Ribby and Tabitha looked at one another.

“A rolling-pin and butter! Oh, my poor son Thomas!” exclaimed Tabitha, wringing her paws.

“A rolling-pin?” said Ribby. “Did we not hear a roly-poly noise in the attic when we were looking into that chest?”

Ribby and Tabitha rushed upstairs again. Sure enough the roly-poly noise was still going on quite distinctly under the attic floor.

“This is serious, Cousin Tabitha,” said Ribby. “We must send for John Joiner at once, with a saw.”

*     *     *     *     *

Now this is what had been happening to Tom Kitten, and it shows how very unwise it is to go up a chimney in a very old house, where a person does not know his way, and where there are enormous rats.

Tom Kitten did not want to be shut up in a cupboard. When he saw that his mother was going to bake, he determined to hide.

He looked about for a nice convenient place, and he fixed upon the chimney.

The fire had only just been lighted, and it was not hot; but there was a white choky smoke from the green sticks. Tom Kitten got upon the fender and looked up. It was a big old-fashioned fire-place.

The chimney itself was wide enough inside for a man to stand up and walk about. So there was plenty of room for a little Tom Cat.

He jumped right up into the fire-place, balancing himself upon the iron bar where the kettle hangs.

Tom Kitten took another big jump off the bar, and landed on a ledge high up inside the chimney, knocking down some soot into the fender.

Tom Kitten coughed and choked with the smoke; and he could hear the sticks beginning to crackle and burn in the fire-place down below.
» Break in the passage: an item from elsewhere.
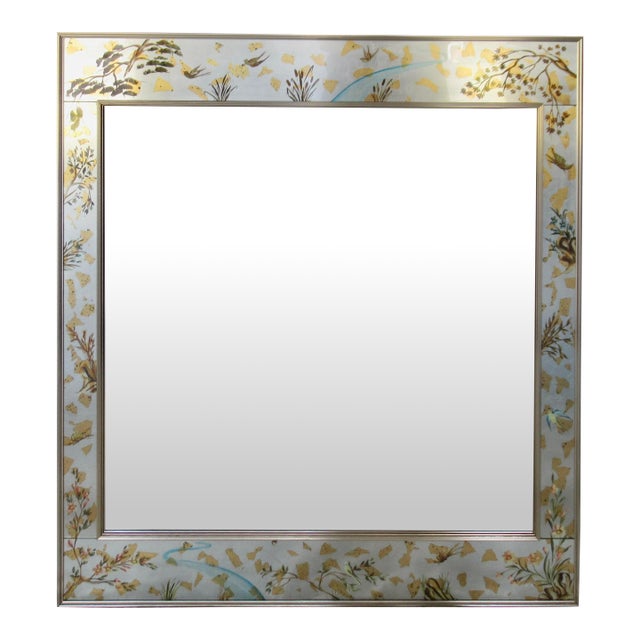 C.1970's LaBarge Chinoiserie-Style, Silver & Gold Leaf Burnished, Reverse Painted Eglomise Mirror For Sale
He made up his mind to climb right to the top, and get out on the slates, and try to catch sparrows.

“I cannot go back. If I slipped I might fall in the fire and singe my beautiful tail and my little blue jacket.”

The chimney was a very big old-fashioned one. It was built in the days when people burnt logs of wood upon the hearth.

The chimney stack stood up above the roof like a little stone tower, and the daylight shone down from the top, under the slanting slates that kept out the rain.

Tom Kitten was getting very frightened! He climbed up, and up, and up.

Then he waded sideways through inches of soot. He was like a little sweep himself.

It was most confusing in the dark. One flue seemed to lead into another.

There was less smoke, but Tom Kitten felt quite lost.

He scrambled up and up; but before he reached the chimney top he came to a place where somebody had loosened a stone in the wall. There were some mutton bones lying about —

“This seems funny,” said Tom Kitten. “Who has been gnawing bones up here in the chimney? I wish I had never come! And what a funny smell? It is something like mouse; only dreadfully strong. It makes me sneeze,” said Tom Kitten.